---------- Data ----------

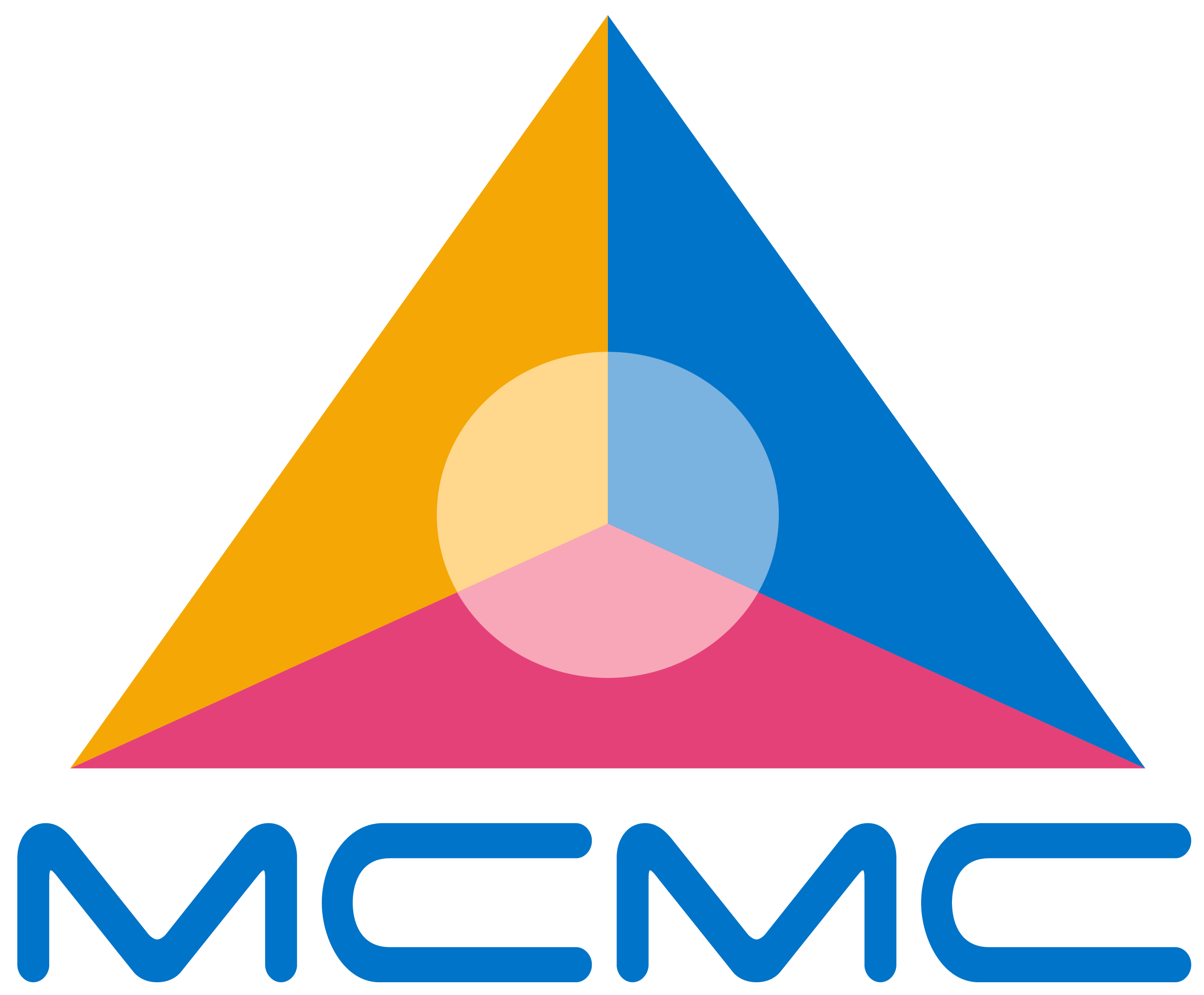 MCMC Certified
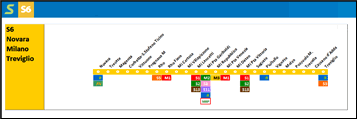Passante ferroviario Milano Linea S6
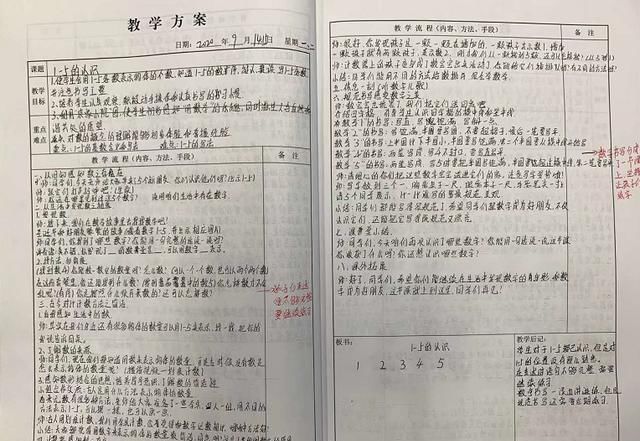 90后教师的教案流出，字迹工整，堪比“印刷体”，网友：假把式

----------

* [Task goal]: The data must come back word for word, with every picture removed.

* [Task response]:
 MCMC Certified
Passante ferroviario Milano Linea S6
 90后教师的教案流出，字迹工整，堪比“印刷体”，网友：假把式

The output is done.